On 06.12.23 22:08, Matthias van de Meent wrote:
> PFA a patch that reduces the output size of nodeToString by 50%+ in
> most cases (measured on pg_rewrite), which on my system reduces the
> total size of pg_rewrite by 33% to 472KiB. This does keep the textual
> pg_node_tree format alive, but reduces its size signficantly.
>
> The basic techniques used are
> - Don't emit scalar fields when they contain a default value, and
> make the reading code aware of this.
> - Reasonable defaults are set for most datatypes, and overrides can
> be added with new pg_node_attr() attributes. No introspection into
> non-null Node/Array/etc. is being done though.
> - Reset more fields to their default values before storing the values.
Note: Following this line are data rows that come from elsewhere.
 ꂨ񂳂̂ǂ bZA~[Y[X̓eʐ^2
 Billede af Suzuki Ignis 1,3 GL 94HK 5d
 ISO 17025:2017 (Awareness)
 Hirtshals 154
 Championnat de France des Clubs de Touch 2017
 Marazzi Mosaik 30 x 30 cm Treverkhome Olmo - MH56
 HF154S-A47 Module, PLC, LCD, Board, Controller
> - Don't write trailing 0s in outDatum calls for by-ref types. This
> saves many bytes for Name fields, but also some other pre-existing
> entry points.
Based on our discussions, my understanding is that you wanted to produce
an updated patch set that is split up a bit.
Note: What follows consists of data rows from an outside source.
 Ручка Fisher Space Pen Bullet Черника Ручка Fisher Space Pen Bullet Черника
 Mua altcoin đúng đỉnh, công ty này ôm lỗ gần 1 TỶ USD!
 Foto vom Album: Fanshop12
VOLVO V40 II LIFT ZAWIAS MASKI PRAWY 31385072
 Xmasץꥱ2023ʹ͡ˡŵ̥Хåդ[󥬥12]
My suggestion is to make incremental patches along these lines:
- Omit from output all fields that have value zero.
- Omit location fields that have value -1.
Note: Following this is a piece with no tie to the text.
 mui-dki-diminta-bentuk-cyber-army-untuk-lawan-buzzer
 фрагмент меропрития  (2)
- Omit trailing zeroes for scalar values.
- Recent location fields before storing in pg_rewrite (or possibly
catalogs in general?)
- And then whatever is left, including the "default" value system that
you have proposed.
The last one I have some doubts about, as previously expressed, but the
first few seem sensible to me. By splitting it up we can consider these
incrementally.